Contrastive Adapter Model

import torch
import torch.nn as nn
import torch.nn.functional as F


class ContrastiveAdapter(nn.Module):
    """
    Lightweight adapter that transforms Titan V2 embeddings
    to be manga-domain aware.

    Architecture: e (1024) → W₁ (512) → GELU → W₂ (1024) → LayerNorm + Residual
    Parameters: ~1M (0.4% of Titan V2)
    """

    def __init__(self, embed_dim: int = 1024, bottleneck_dim: int = 512):
        super().__init__()
        self.linear1 = nn.Linear(embed_dim, bottleneck_dim)
        self.linear2 = nn.Linear(bottleneck_dim, embed_dim)
        self.layer_norm = nn.LayerNorm(embed_dim)

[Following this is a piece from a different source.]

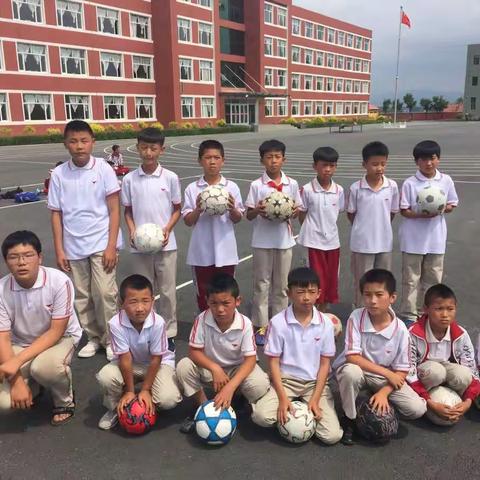 梅河口市杏岭学校乡村少年宫         飚鞠劲旅活动小组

        # Initialize with small weights so adapter starts near identity
        nn.init.normal_(self.linear1.weight, std=0.02)
        nn.init.normal_(self.linear2.weight, std=0.02)
        nn.init.zeros_(self.linear1.bias)
        nn.init.zeros_(self.linear2.bias)

    def forward(self, embeddings: torch.Tensor) -> torch.Tensor:
        """
        Args:
            embeddings: (batch_size, 1024) — frozen Titan V2 outputs
        Returns:
            (batch_size, 1024) — adapted embeddings
        """
        # Bottleneck projection
        h = F.gelu(self.linear1(embeddings))    # (batch, 512)
        adapted = self.linear2(h)                # (batch, 1024)

        # Residual connection + LayerNorm
        output = self.layer_norm(adapted + embeddings)  # (batch, 1024)

        # L2 normalize for cosine similarity
        output = F.normalize(output, p=2, dim=-1)

        return output

InfoNCE Loss with In-Batch Negatives

class InfoNCELoss(nn.Module):
    """
    InfoNCE contrastive loss with in-batch negatives.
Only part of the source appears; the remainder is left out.